Nevertheless, there are conventional locations for these terms depending on what kind of term they are.
For instance, the supertypes are generally listed first, followed by an AVM:

{{{
head_only := unary_phrase & headed_phrase &
  [ HD-DTR #head & [ SYNSEM.LOCAL.CONJ cnil ],
    ARGS < #head > ].
}}}

If a documentation string is specified, the conventional place is before the AVM:

{{{
n_-_ad-pl_le := norm_np_adv_lexent &
"""
<description>N, can modify, locative (place)
<ex>B lives overseas.
<nex>
<todo>
"""
  [ SYNSEM.LOCAL [ CAT.HEAD [ MINORS.MIN place_n_rel,
                              CASE obliq ],
                   CONT.HOOK.INDEX.SORT place ] ].
}}}

Or if there is no AVM, before the final dot:

{{{
info-str := icons
  """Type for underspecified or "neutral" information structure.""".
}}}



=== Types versus instances ===
=== Specifying the text encoding ===

The text encoding of TDL files can be specified using a special comment on the first line of the file, as is done with many scripting languages.
For instance, the following sets the encoding to UTF-8:

{{{#!highlight scheme
; -*- coding: utf-8 -*-
}}}

In some TDL files, attributes specific to the [[https://www.gnu.org/software/emacs/|Emacs]] text editor may be included:

{{{#!highlight scheme
;;; -*- Mode: tdl; Coding: utf-8; indent-tabs-mode: nil; -*-
}}}


=== Feature interpretation of lists ===

The `< ... >` and `<! ... !>` shorthand for lists ("cons lists") and diff-lists, respectively, correspond to normal attribute-value pairs.
The implementation relies on an encoding scheme where the first list item (the list's head) is at the feature `FIRST` while the rest of the list (the tail) is defined recursively under the feature `REST` (e.g., `REST.REST.FIRST` is the third element).
The types associated with open and closed lists, and sometimes even the feature names, are configurable by the grammar.
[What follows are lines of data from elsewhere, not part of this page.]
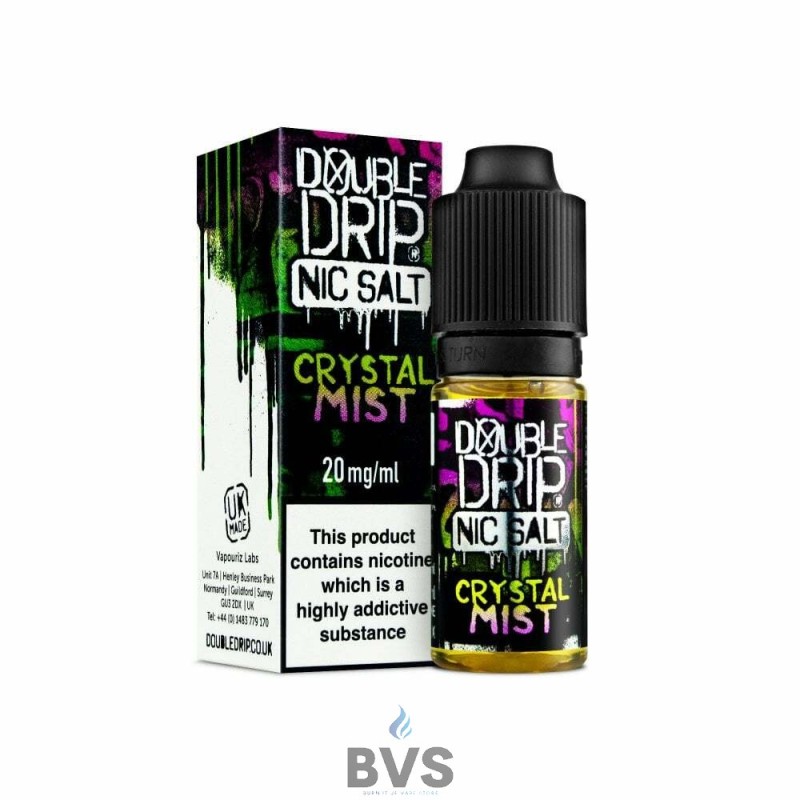 CRYSTAL MIST NIC SALT ELIQUID by DOUBLE DRIP CRYSTAL MIST NIC SALT ELIQUID by DOUBLE DRIP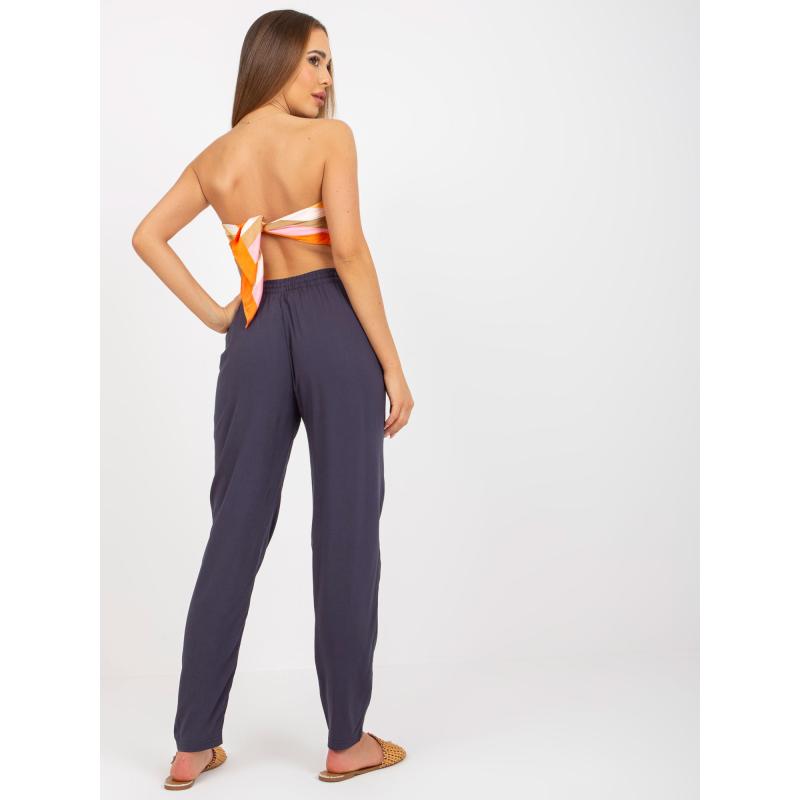 Dámske látkové nohavice, rovné SUBLEVEL graphite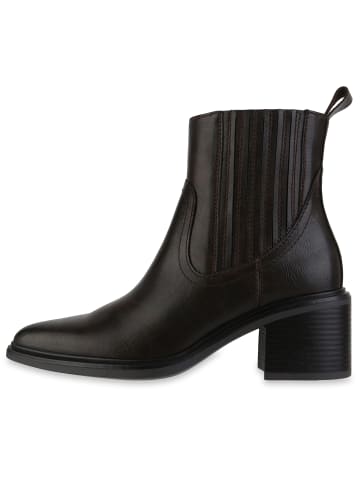 VAN HILL Klassische Stiefeletten Lenora in Dunkelbraun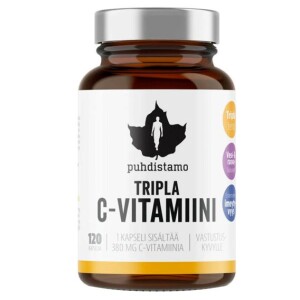 Product detail of Puhdistamo Triple Vitamin C 60 kapslí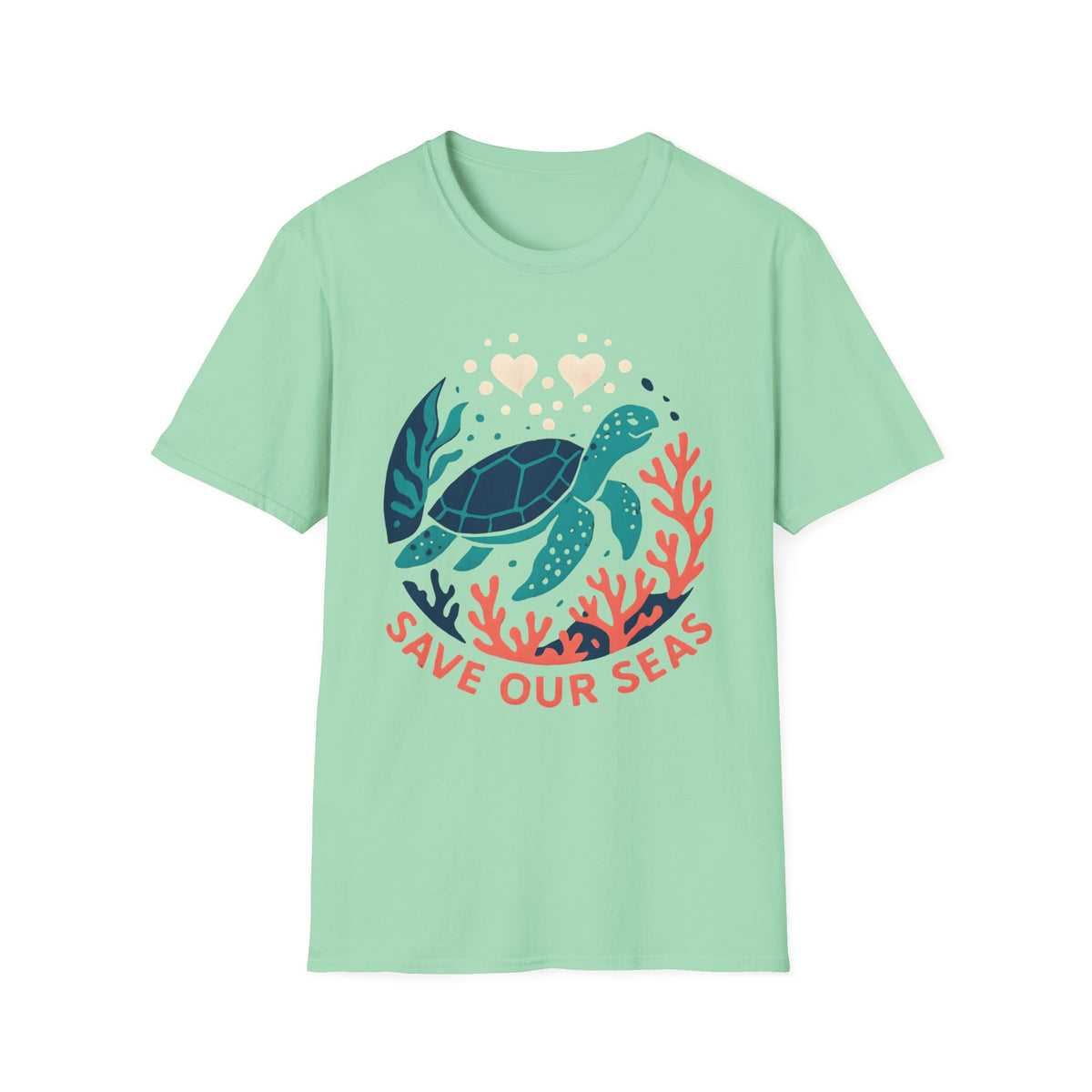 "Save Our Seas" Sea Turtle Ocean Conservation Tee Shirt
|| '''entity''' || '''example''' || '''LKB config''' || '''ACE config''' ||
|| cons-list type || `*cons*` || (not configurable) || `cons-type` ||
|| open list type || `*list*` || `*list-type*` || `list-type` ||
|| closed list type || `*null*` || `*empty-list-type*` || `null-type` ||
|| diff-list type || `*diff-list*` || `*diff-list-type*` || `diff-list-type` ||
|| list head feature || `FIRST` || `*list-head*` || (not configurable) ||
|| list tail feature || `REST` || `*list-tail*` || (not configurable) ||
|| diff-list list feature || `LIST` || `*diff-list-list*` || (not configurable) ||
|| diff-list last feature || `LAST` || `*diff-list-last*` || (not configurable) ||

For the examples below, I use the values defined in the above table, which are taken from the ERG.

==== Cons Lists ====

Regular cons lists may be open (extendable) or closed (fixed-length).
The type of an open list as interpreted by, e.g., `< ... >`, is `*list*` (rather, the defined open list type), but in hand-written TDL a subtype of `*list*` is often used, such as `*cons*`.

{{{#!highlight scheme
; an empty list is terminated (always empty)
[ ATTR < > ] => [ ATTR *null* ]
; single item goes on FIRST attribute and REST is terminated
[ ATTR < a > ] => [ ATTR *list* & [ FIRST a,
                                               REST *null* ] ]
; items after the first go on (REST.)+FIRST
[ ATTR < a, b > ] => [ ATTR *list* & [ FIRST a,
                                               REST [ FIRST b,
                                                      REST *null* ] ] ]
; an empty list with ... is not terminated
[ ATTR < ... > ] => [ ATTR *list* ]
; this also works with items on the list
[ ATTR < a, ... > ] => [ ATTR *list* & [ FIRST a,
                                               REST *list* ] ]
; the . delimiter allows a non-*list*, non-*null* value for the last REST
[ ATTR < a . #coref > ] => [ ATTR *list* & [ FIRST a,
                                               REST #coref ] ]
}}}

==== Diff Lists ====

Diff lists are regular lists under a `LIST` attribute, and `LAST` points to the last item.
Diff lists don't support the unterminated-list functionality of cons lists, but they allow for appending lists of arbitrary size (see [[GeFaqDiffList]]).

{{{#!highlight scheme
[ ATTR <! !> ] => [ ATTR *diff-list* & [ LIST #coref,
                                                    LAST #coref ] ]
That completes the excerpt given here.